◆ What is being asked ◆
Starting with the line that holds "How to create", repeat each line through the last one below, exactly. Pictures stay out.

◆ Recorded information ◆

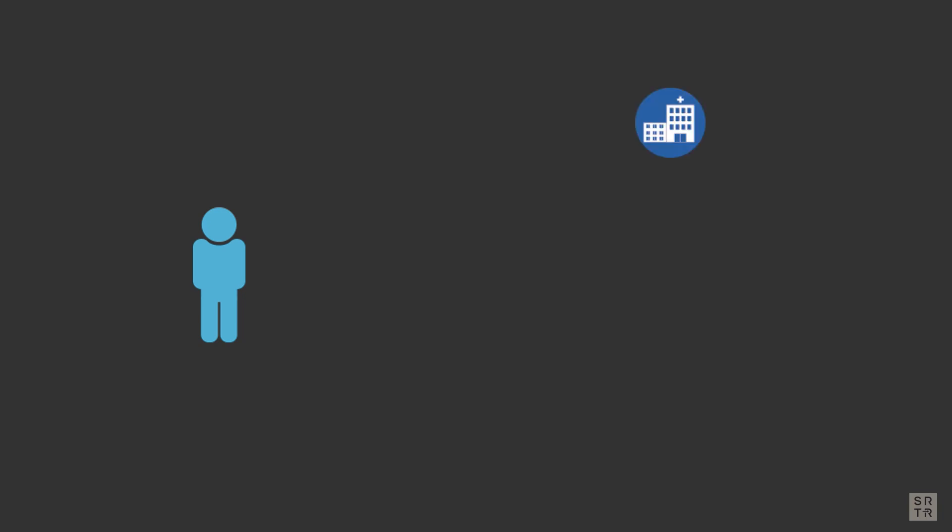Perhaps you find yourself facing the possibility of getting on a waiting list for an organ transplant and are considering options, or you may be on a list and curious about the outcomes at the program where you are listed.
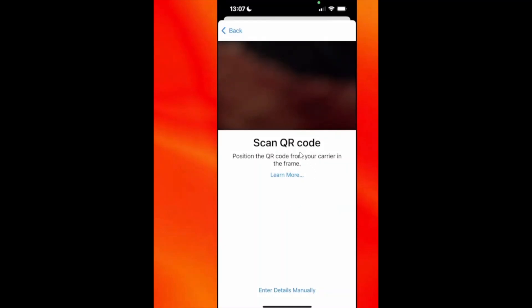Your phone camera will open then. If Vodafone eSIM has sent you a code, scan through this or else you can enter details manually.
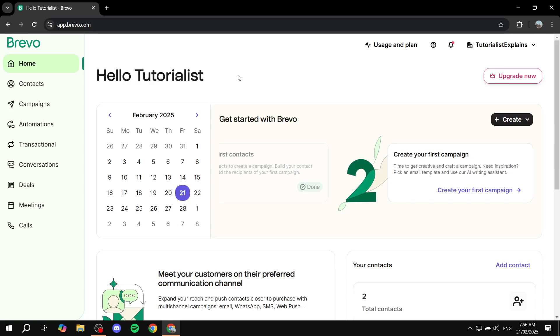How to create a campaign with Brevo. Hey everyone and welcome — in this video I will show you step by step how to do so.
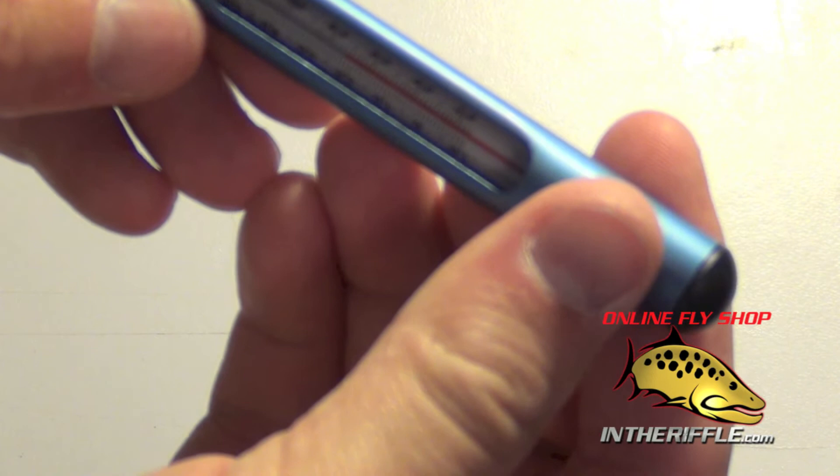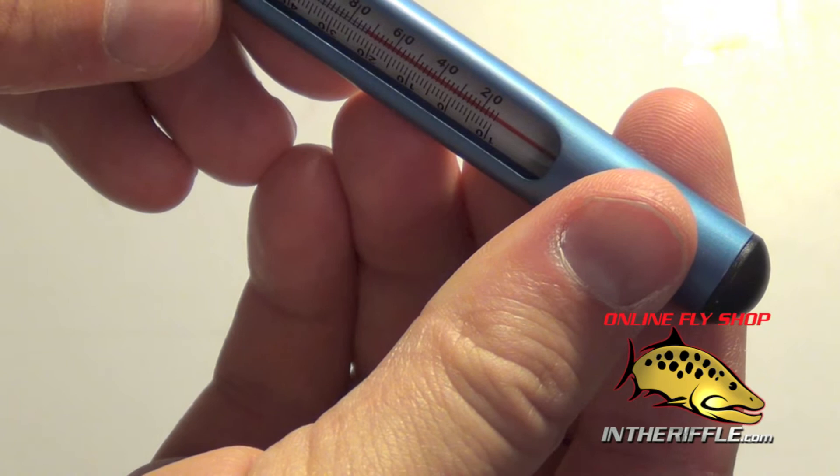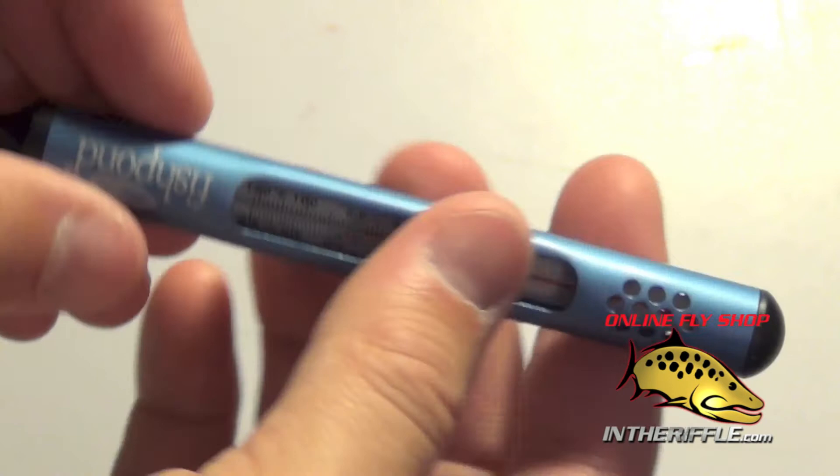This thermometer does go down to well below freezing, looks like 17 degrees, and it'll go all the way up to 120 degrees Fahrenheit.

◆ Response below ◆
How to create a campaign with Brevo. Hey everyone and welcome — in this video I will show you step by step how to do so.
This thermometer does go down to well below freezing, looks like 17 degrees, and it'll go all the way up to 120 degrees Fahrenheit.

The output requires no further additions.